Seeking help for domestic and family violence in regional, rural, and remote areas
Recent research by ANROWS explores regional, rural, and remote women’s coping experiences and help seeking. The research contributes to the limited evidence on how geographical and social isolation shapes women’s coping with, and decisions to seek assistance for, domestic and family violence, and their efforts to live safely.
- Most women explained they were not negatively affected by geographical isolation; that is, they did not see physical distance as a barrier to accessing services.
- Geographical isolation was only a factor for women who lived on isolated properties outside the regional centre.
- Geographical isolation was a key issue for managers and practitioners, as it significantly shaped specialist domestic and family violence agency responses and work contexts.
- There is little or no help for men who use violence in regional, rural, and remote places outside a police or court response.
- All sites reported that, because crisis response and risk management dominated the work, “the hub” often lacked the staff, time, and resources to do outreach work, making it much harder to provide services and support to smaller townships and properties across large geographical distances.
Implications for policy and practice:
Services embedded in their local community contexts are more likely to be successful, with services operating with the hub-and-spoke model being effective in assisting women living in isolated places. Specialist domestic and family violence agencies based on this model require the following to increase their success:
- adequate levels of staffing and funding to enable the hub to reach across large distances and into local communities, and to invest in a range of responses to domestic and family violence that move beyond crisis response and accommodation; and
- time and opportunity to reach beyond the hub to engage with regional, rural, and remote women’s individual and diverse needs, and to lead local initiatives, coordination, and community development.

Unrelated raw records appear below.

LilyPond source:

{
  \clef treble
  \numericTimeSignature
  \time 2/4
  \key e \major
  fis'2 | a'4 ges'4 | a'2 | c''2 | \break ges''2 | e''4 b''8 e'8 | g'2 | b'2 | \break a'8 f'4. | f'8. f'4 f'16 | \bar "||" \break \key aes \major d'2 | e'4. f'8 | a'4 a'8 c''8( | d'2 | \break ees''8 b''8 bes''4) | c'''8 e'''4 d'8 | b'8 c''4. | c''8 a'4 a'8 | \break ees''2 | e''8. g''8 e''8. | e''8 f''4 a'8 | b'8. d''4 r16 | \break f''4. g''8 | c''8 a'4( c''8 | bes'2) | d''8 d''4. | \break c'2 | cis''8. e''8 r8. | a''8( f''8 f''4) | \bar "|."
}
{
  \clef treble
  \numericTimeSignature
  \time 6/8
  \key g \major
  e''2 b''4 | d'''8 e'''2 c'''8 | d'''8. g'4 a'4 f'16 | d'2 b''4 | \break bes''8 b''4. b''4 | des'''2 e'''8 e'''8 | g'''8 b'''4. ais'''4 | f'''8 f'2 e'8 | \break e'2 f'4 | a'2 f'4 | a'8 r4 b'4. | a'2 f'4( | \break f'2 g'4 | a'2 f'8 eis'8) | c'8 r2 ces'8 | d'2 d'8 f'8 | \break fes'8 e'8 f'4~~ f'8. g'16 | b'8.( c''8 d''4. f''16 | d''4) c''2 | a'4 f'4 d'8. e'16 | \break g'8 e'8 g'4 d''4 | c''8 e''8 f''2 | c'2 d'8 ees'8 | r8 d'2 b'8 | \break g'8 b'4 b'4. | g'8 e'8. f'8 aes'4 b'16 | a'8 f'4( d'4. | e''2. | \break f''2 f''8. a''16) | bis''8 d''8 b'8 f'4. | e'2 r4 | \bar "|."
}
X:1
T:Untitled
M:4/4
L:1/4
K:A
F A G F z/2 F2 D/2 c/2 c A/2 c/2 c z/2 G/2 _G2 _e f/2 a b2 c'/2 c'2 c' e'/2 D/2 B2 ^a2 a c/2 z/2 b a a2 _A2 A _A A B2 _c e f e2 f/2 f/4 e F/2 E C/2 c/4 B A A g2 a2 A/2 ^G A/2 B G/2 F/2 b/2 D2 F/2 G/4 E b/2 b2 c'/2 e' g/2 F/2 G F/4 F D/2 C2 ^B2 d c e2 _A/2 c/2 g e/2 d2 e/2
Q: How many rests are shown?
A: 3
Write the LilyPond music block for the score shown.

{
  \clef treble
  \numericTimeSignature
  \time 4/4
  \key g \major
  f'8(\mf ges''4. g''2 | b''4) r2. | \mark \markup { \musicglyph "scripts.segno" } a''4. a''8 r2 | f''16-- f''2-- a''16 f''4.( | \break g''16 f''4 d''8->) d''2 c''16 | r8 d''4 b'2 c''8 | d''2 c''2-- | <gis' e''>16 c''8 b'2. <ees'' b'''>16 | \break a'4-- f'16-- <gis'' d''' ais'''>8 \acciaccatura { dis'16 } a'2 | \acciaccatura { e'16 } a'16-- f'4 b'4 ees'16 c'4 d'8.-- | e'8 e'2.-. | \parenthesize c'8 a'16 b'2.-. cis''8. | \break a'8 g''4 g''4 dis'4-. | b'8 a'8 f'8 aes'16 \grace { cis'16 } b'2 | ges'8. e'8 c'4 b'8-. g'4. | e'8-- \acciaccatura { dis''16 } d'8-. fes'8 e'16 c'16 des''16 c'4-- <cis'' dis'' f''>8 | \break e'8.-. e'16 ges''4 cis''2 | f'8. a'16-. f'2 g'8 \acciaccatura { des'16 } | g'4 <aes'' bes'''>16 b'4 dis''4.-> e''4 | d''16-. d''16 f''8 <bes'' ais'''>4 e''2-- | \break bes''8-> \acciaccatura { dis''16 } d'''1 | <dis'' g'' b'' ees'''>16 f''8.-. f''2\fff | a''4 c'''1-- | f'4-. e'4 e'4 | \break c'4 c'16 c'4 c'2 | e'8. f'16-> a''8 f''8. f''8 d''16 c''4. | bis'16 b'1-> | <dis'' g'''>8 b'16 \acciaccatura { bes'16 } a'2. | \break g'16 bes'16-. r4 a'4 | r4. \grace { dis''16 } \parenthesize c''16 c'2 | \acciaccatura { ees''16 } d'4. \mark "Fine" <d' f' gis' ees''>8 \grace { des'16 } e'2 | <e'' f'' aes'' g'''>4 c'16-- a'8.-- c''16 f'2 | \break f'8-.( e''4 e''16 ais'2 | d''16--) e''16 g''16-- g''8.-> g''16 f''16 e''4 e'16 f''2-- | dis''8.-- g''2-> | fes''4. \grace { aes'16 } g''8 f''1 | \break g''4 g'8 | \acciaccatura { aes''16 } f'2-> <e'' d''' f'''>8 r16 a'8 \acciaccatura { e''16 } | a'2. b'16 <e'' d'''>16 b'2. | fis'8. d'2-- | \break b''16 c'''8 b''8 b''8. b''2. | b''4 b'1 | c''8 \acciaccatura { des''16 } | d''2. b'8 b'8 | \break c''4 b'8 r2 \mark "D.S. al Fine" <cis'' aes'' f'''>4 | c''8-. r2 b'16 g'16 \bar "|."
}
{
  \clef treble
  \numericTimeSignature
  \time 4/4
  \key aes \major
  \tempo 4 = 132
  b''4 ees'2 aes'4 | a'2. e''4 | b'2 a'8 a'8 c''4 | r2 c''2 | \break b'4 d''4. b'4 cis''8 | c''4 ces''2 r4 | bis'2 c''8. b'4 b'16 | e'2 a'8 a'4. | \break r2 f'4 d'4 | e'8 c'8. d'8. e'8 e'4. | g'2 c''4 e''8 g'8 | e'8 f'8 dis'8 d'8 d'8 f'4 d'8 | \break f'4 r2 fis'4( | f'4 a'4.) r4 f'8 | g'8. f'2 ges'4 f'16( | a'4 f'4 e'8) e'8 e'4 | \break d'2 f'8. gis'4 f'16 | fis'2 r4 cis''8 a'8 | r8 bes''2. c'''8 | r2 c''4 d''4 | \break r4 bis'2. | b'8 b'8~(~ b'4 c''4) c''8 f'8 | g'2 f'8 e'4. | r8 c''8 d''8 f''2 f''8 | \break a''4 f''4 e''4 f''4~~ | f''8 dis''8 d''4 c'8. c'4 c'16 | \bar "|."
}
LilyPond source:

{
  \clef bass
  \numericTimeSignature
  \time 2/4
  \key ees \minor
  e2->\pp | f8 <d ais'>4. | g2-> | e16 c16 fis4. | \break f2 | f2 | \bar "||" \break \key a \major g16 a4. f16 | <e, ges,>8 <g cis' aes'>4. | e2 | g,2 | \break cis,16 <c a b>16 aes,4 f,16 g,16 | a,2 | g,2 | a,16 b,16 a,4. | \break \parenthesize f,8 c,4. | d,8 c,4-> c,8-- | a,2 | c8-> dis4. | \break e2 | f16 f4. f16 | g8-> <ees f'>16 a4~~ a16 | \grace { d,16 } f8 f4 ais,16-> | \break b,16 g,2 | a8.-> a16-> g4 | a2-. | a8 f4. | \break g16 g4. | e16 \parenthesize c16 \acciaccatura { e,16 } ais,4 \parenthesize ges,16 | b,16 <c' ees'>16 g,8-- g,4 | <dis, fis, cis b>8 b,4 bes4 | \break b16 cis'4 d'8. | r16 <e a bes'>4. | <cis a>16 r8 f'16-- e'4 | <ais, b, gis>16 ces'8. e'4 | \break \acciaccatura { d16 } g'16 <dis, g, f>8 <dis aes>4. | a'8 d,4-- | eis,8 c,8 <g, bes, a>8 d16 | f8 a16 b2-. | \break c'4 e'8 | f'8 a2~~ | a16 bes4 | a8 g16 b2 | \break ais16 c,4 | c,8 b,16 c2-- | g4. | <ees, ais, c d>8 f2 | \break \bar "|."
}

A number of findings from this project are relevant to clinical practice. These include women’s common experiences of:
- extended periods of coping with violence through various active strategies such as placating and trying to help their partner prior to their own help-seeking;
- shame and embarrassment over being a victim of abuse or a partner of someone engaging in illegal activities, delaying help-seeking;
- Aboriginal women’s dignity and pride being associated with being able to keep their children safe and rely on families;
- Aboriginal women using temporary stays at refuges as a way of staying safe; and
- significant social isolation, which affected help-seeking more than physical distance from local communities.